Records to use:
------------------------------------------------

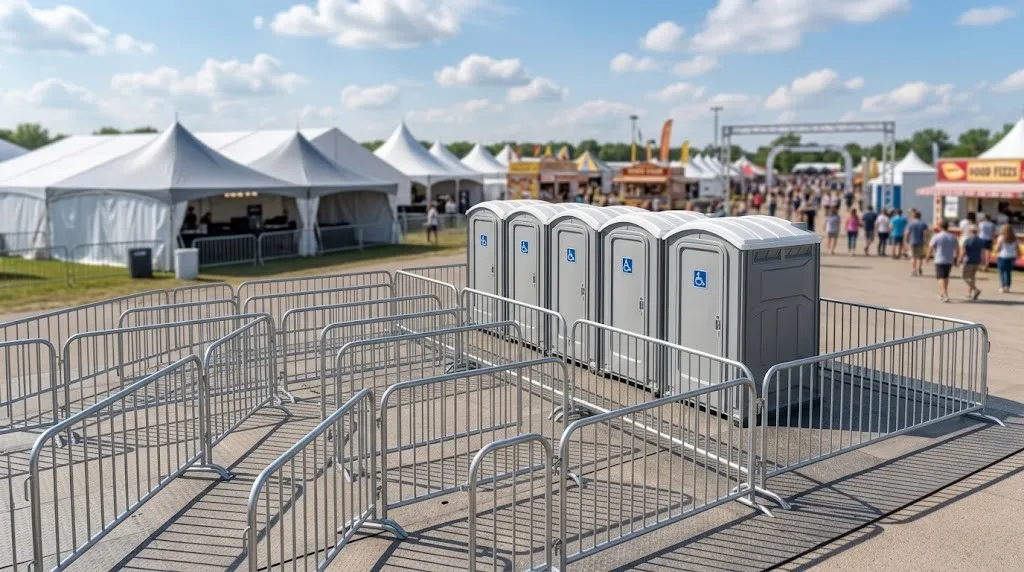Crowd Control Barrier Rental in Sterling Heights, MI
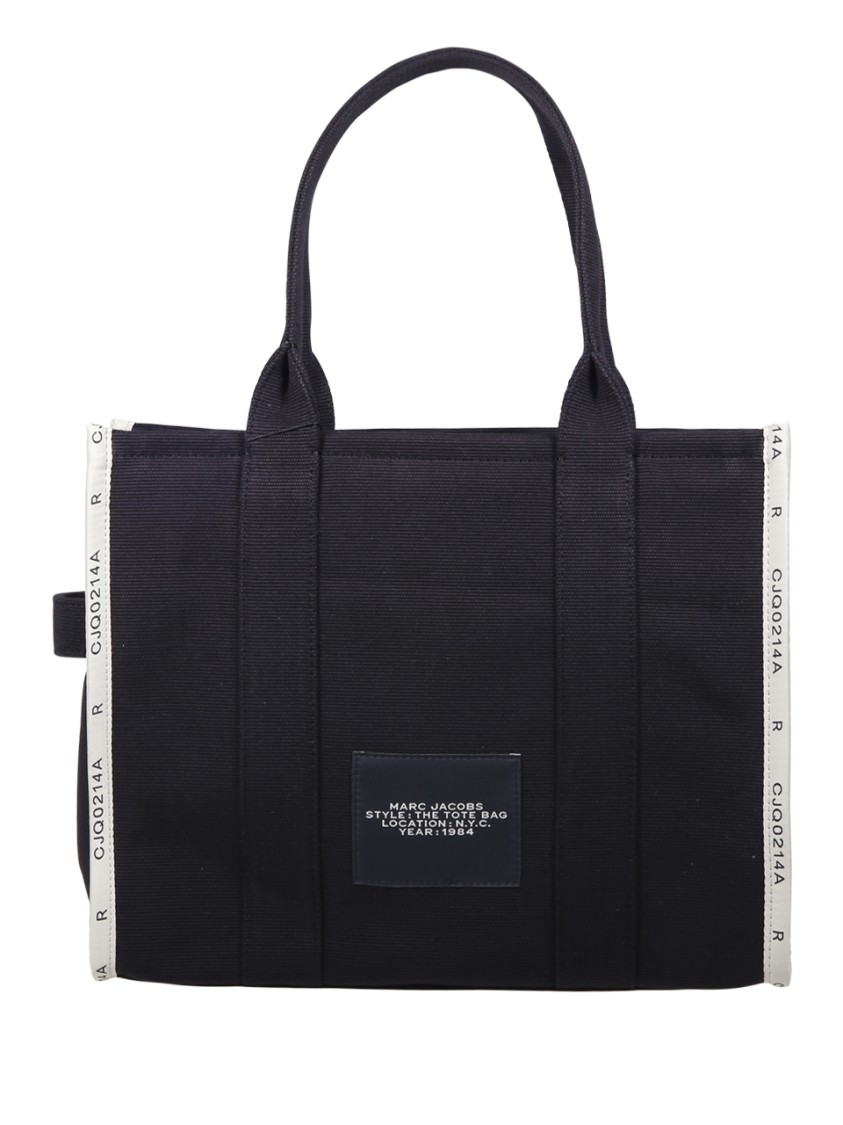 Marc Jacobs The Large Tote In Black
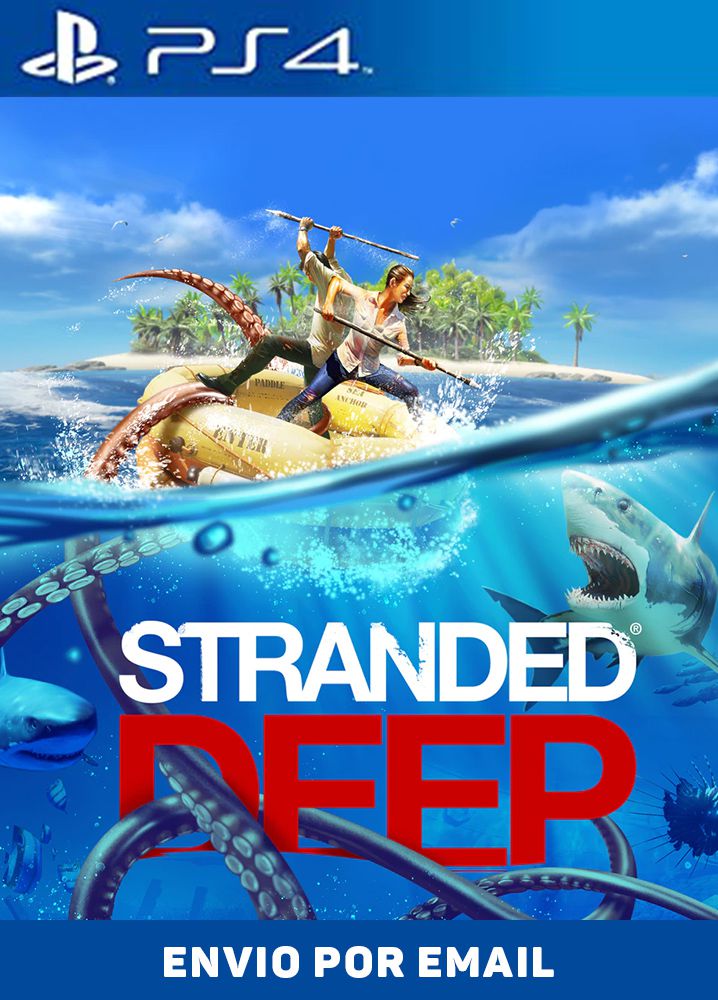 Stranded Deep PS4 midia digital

------------------------------------------------

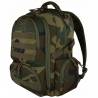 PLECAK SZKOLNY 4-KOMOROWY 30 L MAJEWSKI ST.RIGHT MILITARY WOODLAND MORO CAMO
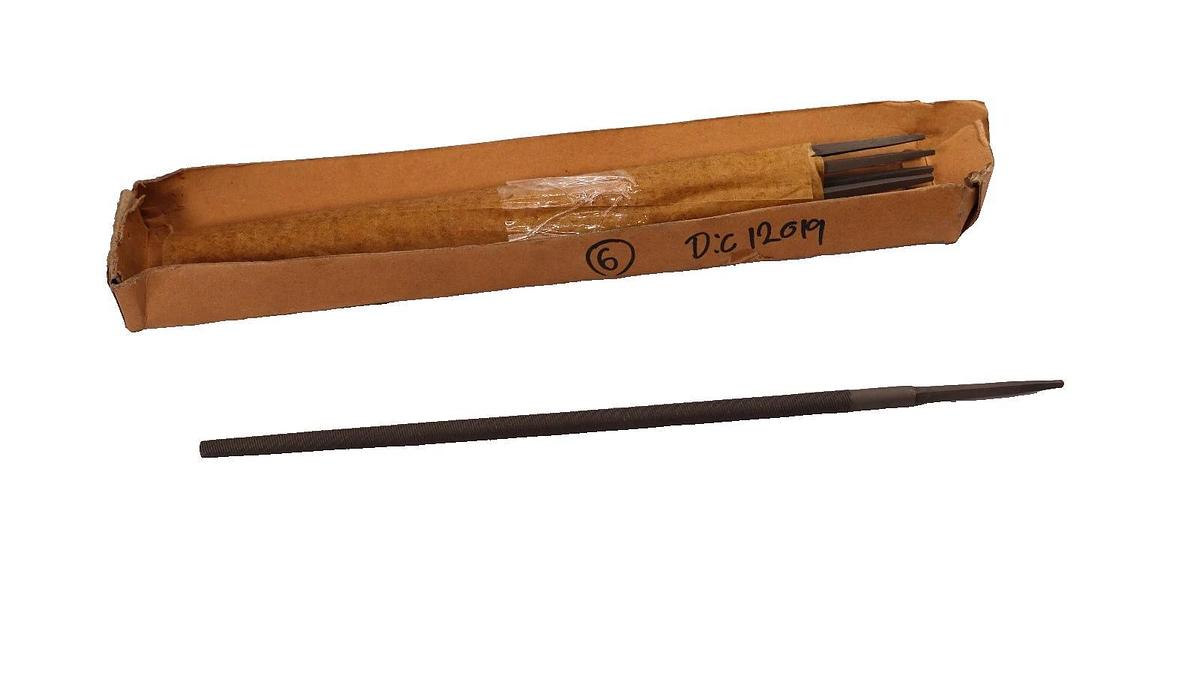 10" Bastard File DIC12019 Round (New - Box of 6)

------------------------------------------------

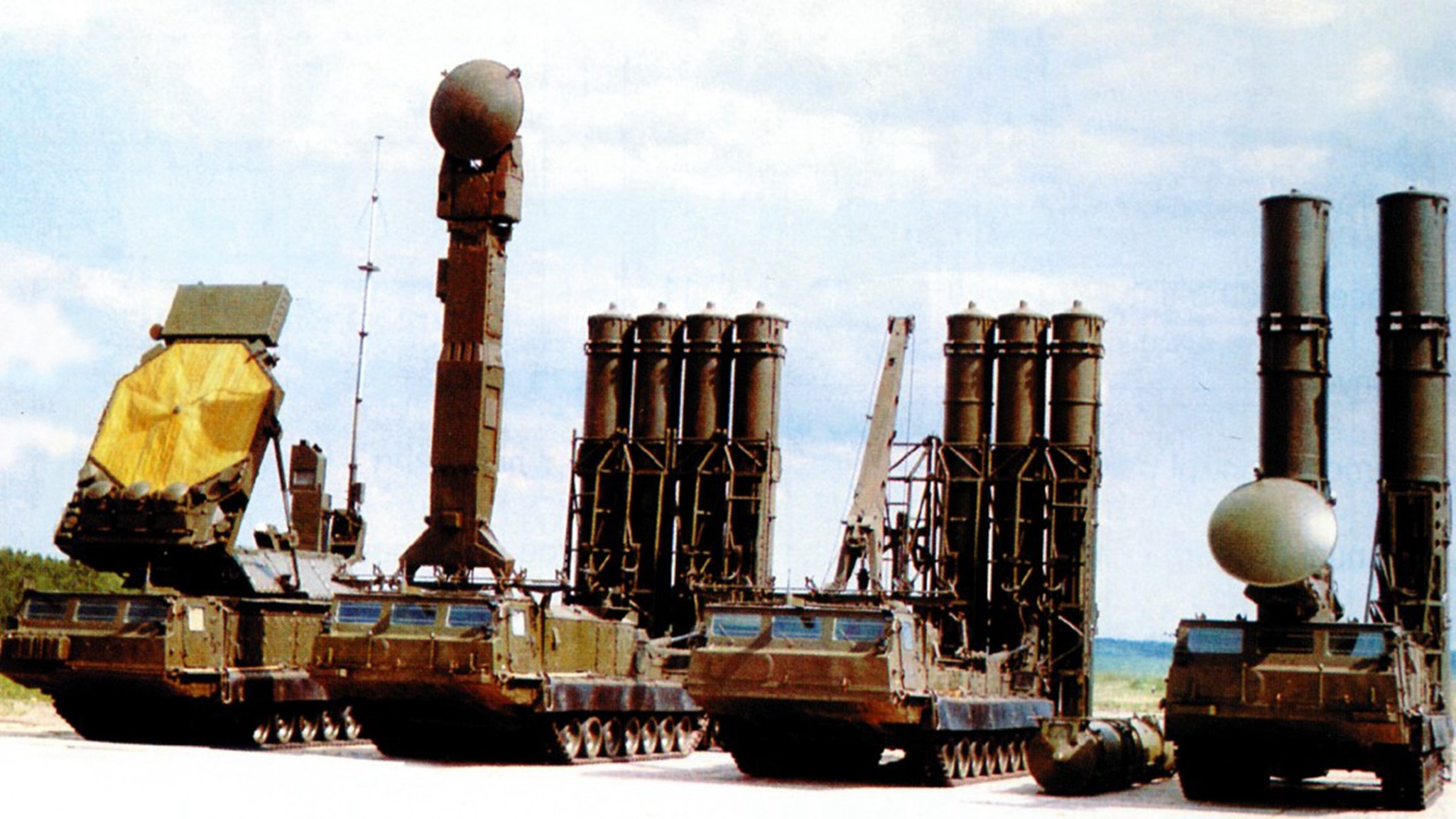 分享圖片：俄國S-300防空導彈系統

------------------------------------------------

What you have to do:
Output only the lines above from the one containing "Crowd Control Barrier" to the one containing "Stranded Deep PS4 midia digital", both included, exactly as written and with no pictures.

Exercise output:
Crowd Control Barrier Rental in Sterling Heights, MI
 Marc Jacobs The Large Tote In Black
 Stranded Deep PS4 midia digital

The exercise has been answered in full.